When they came home from Halloween shopping on Olvera Street, the Mexican chachkas market in Downtown LA, Terry and Mia presented me with this keychain.
"Look!" my dad exclaimed. "They had your name! It's what you've always wanted."
"No! They didn't!"
"You're right. They didn't. We had this custom-made. But isn't it good?"
"This must be what it feels like to be named Michael!"
In 9th grade I was required to buy a ruler for a class, so I bought the one that was made for girls named Natasha.
"But your name is nowhere near Natasha!" Charlie yelled at me [eight years ago].
"Natasha has the same number of A's!"
Lately I really dislike when people with popular, American names try to jazz themselves up by creating a nickname that sounds like a real, rare name or by adding their middle name as an extra three syllables to their first name. Their entire lives they could always get pencils and magnets and sometimes coffee mugs with their names on them from any city or resort in the country, either bought personally or as a gift from a friendly traveler.
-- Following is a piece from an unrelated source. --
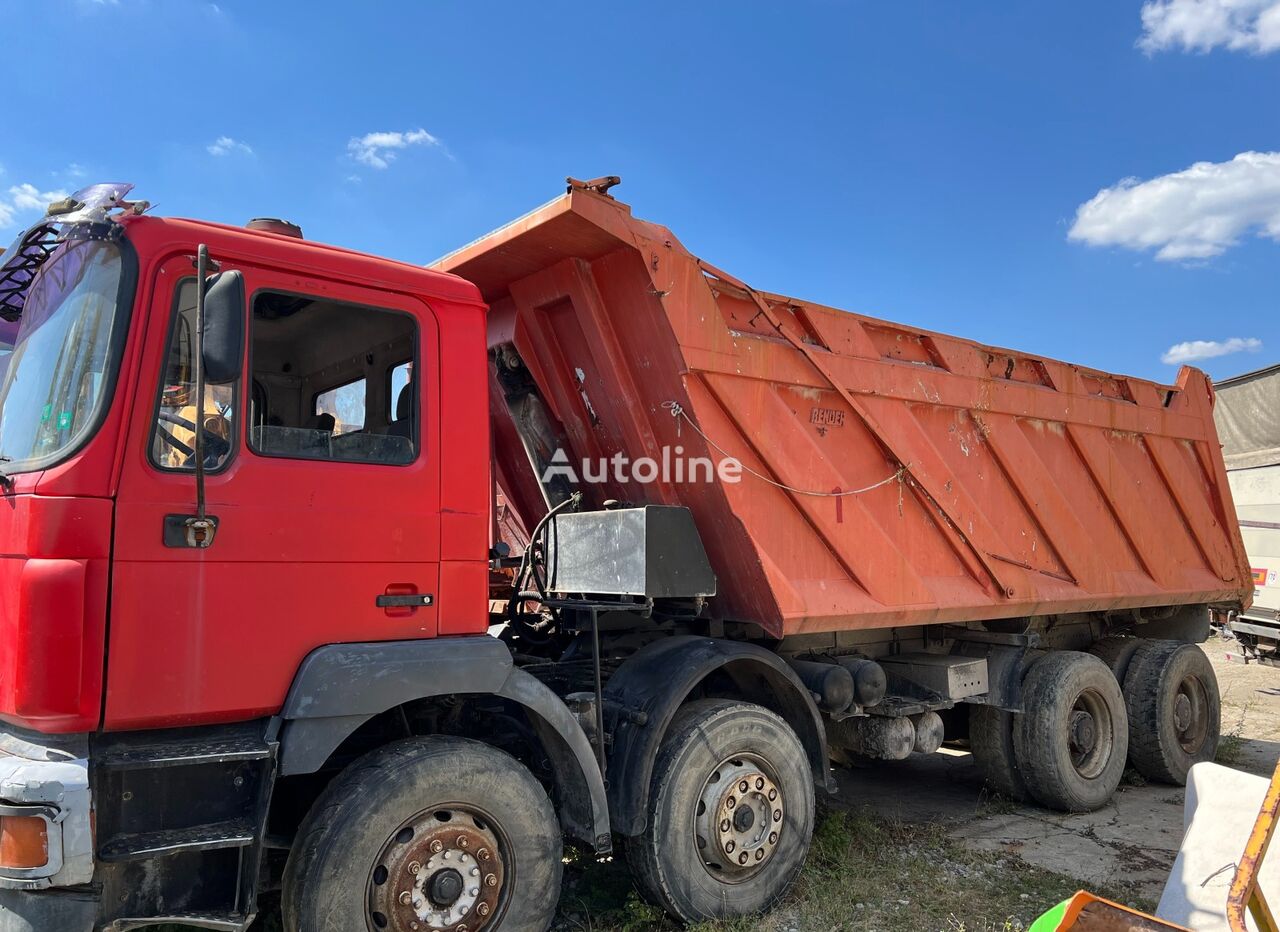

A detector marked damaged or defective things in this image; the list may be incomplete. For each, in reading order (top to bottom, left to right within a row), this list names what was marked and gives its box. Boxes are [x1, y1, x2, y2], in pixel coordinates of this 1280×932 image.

On the first day of school, every year, their teachers didn't embarrassingly struggle to pronounce their name, nor did every substitute teacher who ever filled in, regardless of whether or not the sub already knew them! And at the end of the E.T. ride at Universal Studios [spoiler alert] E.T. could actually say their name while waving at them.
Sometimes their parents would try to jazz it up for them from the onset.
"My name is Nicole but with two Ls."
E.T. still knew how to pronounce it.
The Emilys and the Daniels and the Melissas of the world have had easy-ass childhoods, and unfortunately for them, it's chic in adulthood to have irregular first and last names. And instead of trying to switch teams 18 years into the game, they ought admit defeat and do the right thing when they become parents. Until then, the Lancelots and the Nickodemuses and the Alainas will have everything under control.